Brigl: Also zunächst möchte ich hier einmal zwischen relevanten Daten in einer Anwendung und Telemetriedaten von Windows 10 unterscheiden. Die Daten aus den Anwendungen bleiben zu 100 Prozent in der Hoheit des Bundes und fließen nicht ab! Das ist ein Kernziel der Konsolidierung. Bezüglich derTelemetriedaten stehen wir in engem Austausch mit dem BSI und Microsoft. Der „Abfluss“ von Telemetriedaten wird nur in Abstimmung mit dem BSI erfolgen und wenn, dann sehr bewusst und kontrolliert erfolgen.
Gülükoglu: Das denke ich auch. Microsoft ist für den Bundes-Client unser Technologiepartner, und wir benötigen von daher auch entsprechenden Support.
Brigl: Unsere Technologiepartner leisten in Fehlerfällen immer wieder Support. Dazu sind sie auch vertraglich verpflichtet. Aber klar, die Hersteller dürfen keinen Zugriff auf Daten der Bundesverwaltung bekommen. Für die zum Support notwendigen Zugriffe der Technologiepartner gelten klare Regeln. Diese ändern sich weder durch die Konsolidierung noch durch den Bundes-Client. Die Devise muss sein: so wenig wie möglich und so viel wie nötig, um die Systeme up to date zu halten. Eine totale Abschottung gegen die Hersteller wird es nicht geben. Sonst wäre die Konsequenz, dass wir das Produkt physisch kaufen und durch die Tür tragen müssten. Aber selbst wenn man Open-Source-Software einsetzt, brauchen die Systeme irgendwann mal Updates ... Mit irgendjemandem extern muss man immer kommunizieren.

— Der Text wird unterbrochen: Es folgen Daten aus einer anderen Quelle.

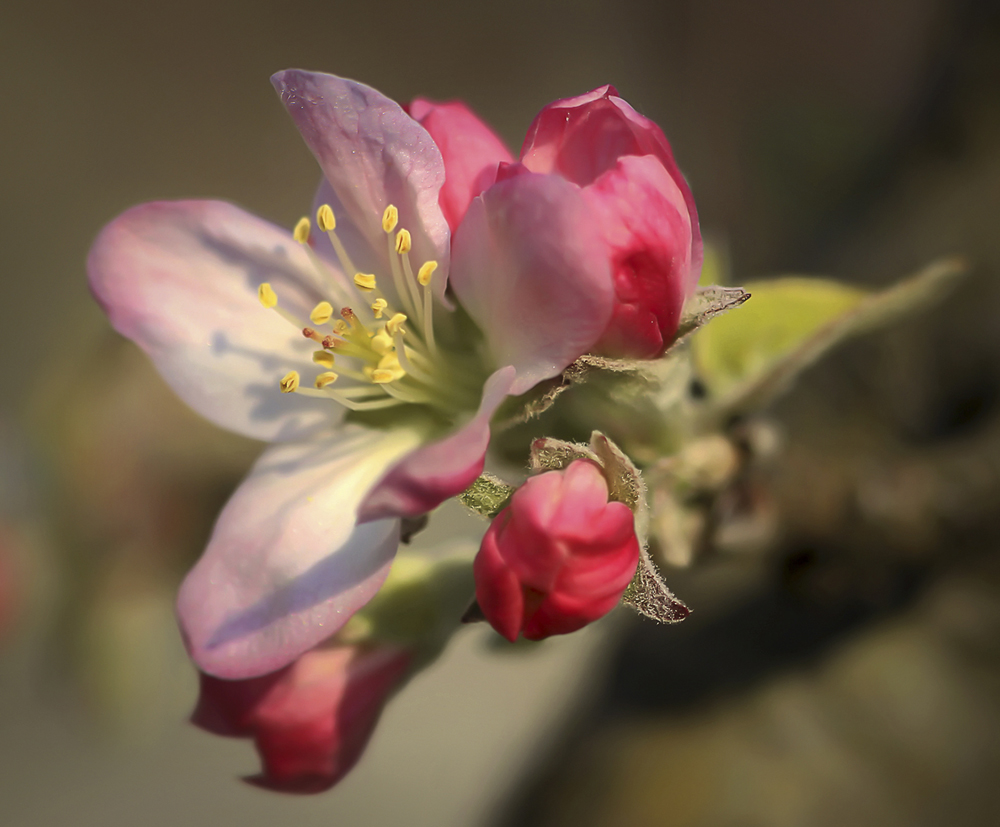 photo "***" tags: macro and close-up, яблоня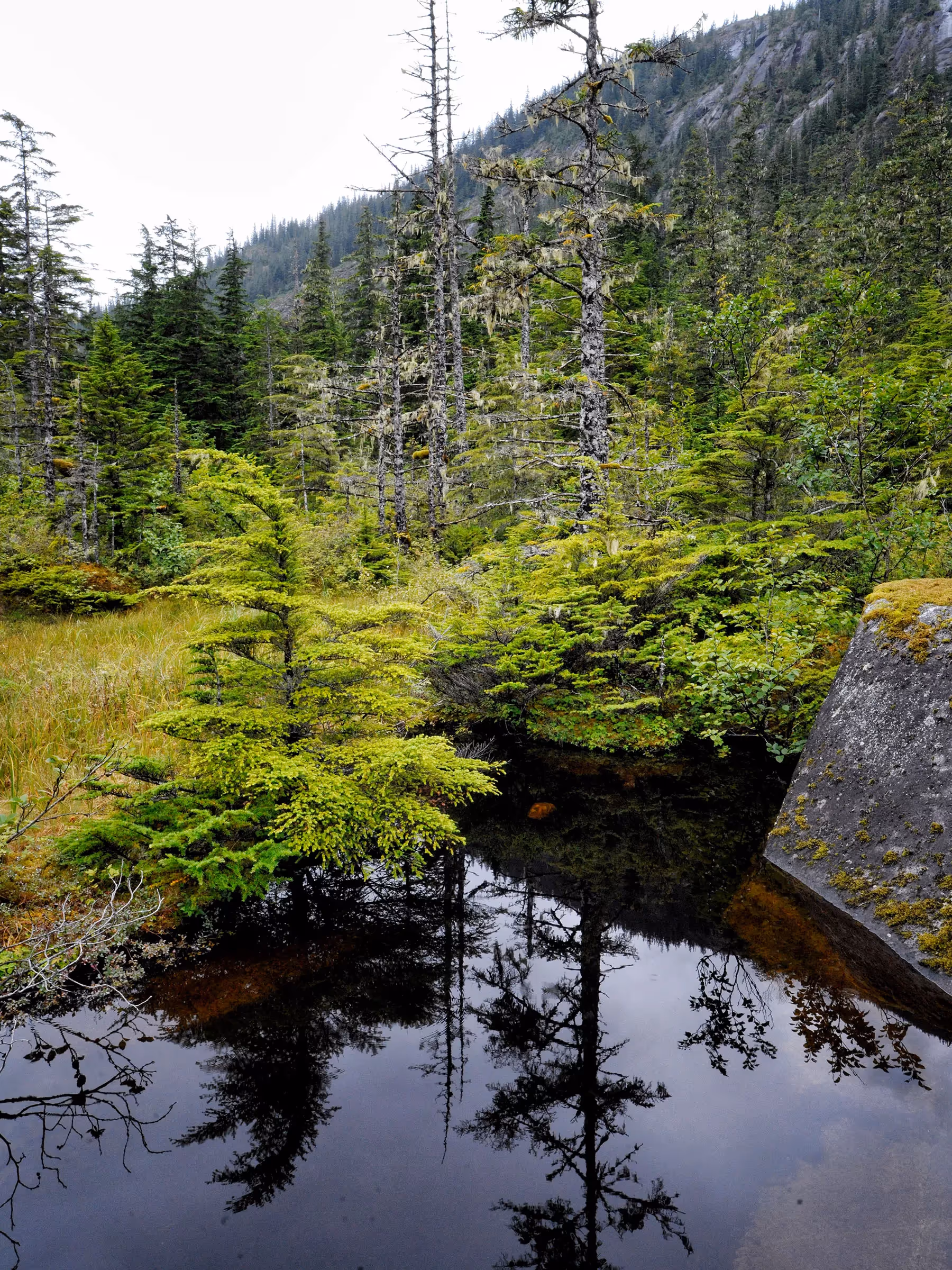 Alaska Wilderness Charters—Ford’s Terror Wilderness—John Schnell Photography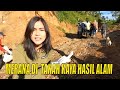 [FULL] MERANA DI  TANAH KAYA HASIL ALAM | INDONESIAKU (24/01/22)
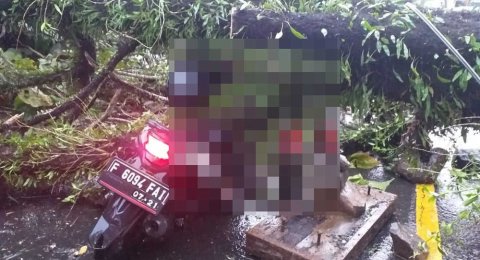 Pemotor Tewas Tertimpa Pohon Tumbang Saat Hujan Lebat Mengguyur Bogor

Gülükoglu: Im Grunde geht es bei dem ganzen Thema um die Bewertung und Einschätzung von Risiken und die Schutzwürdigkeit von Daten. Dementsprechend müssen die IT-Systeme ausgelegt werden.
Brigl: Genau. Wir brauchen ein vernünftiges Sicherheitsmanagement. Das heißt, wir müssen klären, welche Telemetriedaten zwingend abfließen müssen, um den Support gewährleisten zu können. Welchen Abfluss wir akzeptieren können, wo wir das Risiko tragen und wo nicht mehr. Sicherheitsmanagement bedeutet nicht, alle Schotten dicht zu machen. Das funktioniert nicht. Ich glaube, das steht auch in keinem Widerspruch zur Aussage des BSI. Die Kollegen sind immer gute Partner und Berater. Und wenn bei uns Schwachstellen aufgedeckt werden, ist das ja nur gut für uns. Wir müssen danneben schauen, dass wir sie schließen.
msg: Sind schon Behörden auf Sie zugekommen, die im Bundes-Client Sonderanforderungen umgesetzt haben wollten? Und ist das überhaupt möglich, ohne Sicherheitsstandards zu verletzen?
Brigl: Also zunächst ist der Bundes-Client mal ein Standard-IT-Arbeitsplatz. Von dem aus Sie E-Mails versenden und im Internet surfen, Dienstreisen buchen und Ihr Zeitmanagement vornehmen können. Er muss alles bieten, was ein Standardarbeitsplatz eben bieten muss. Daneben gibt es aber auch Aufgaben in Behörden – und davon sind wir selbst betroffen –,die sich über einen solchen Standard nicht so ohne Weiteres abbilden lassen. Der Klassiker ist die Softwareentwicklung, die Adminrechte auf einem großen Teil der IT-Arbeitsplätze braucht. Hier müssen wir dann überlegen, wie viel Ausnahmen wirklich nötig sind.
msg: Entwickler wollen ja immer Zugang zu allem ...
Brigl: Ja, sie brauchen erst mal alles. Wir prüfen die Anforderungen der Kunden im Kontext ihrer Aufgaben und entwickeln dann gemeinsam gangbare Lösungen - nicht zuletzt unter Gesichtspunkten der IT-Sicherheit. Der Einsatz virtueller Entwicklerarbeitsplätze bietet dazu beispielsweise sehr gute Möglichkeiten.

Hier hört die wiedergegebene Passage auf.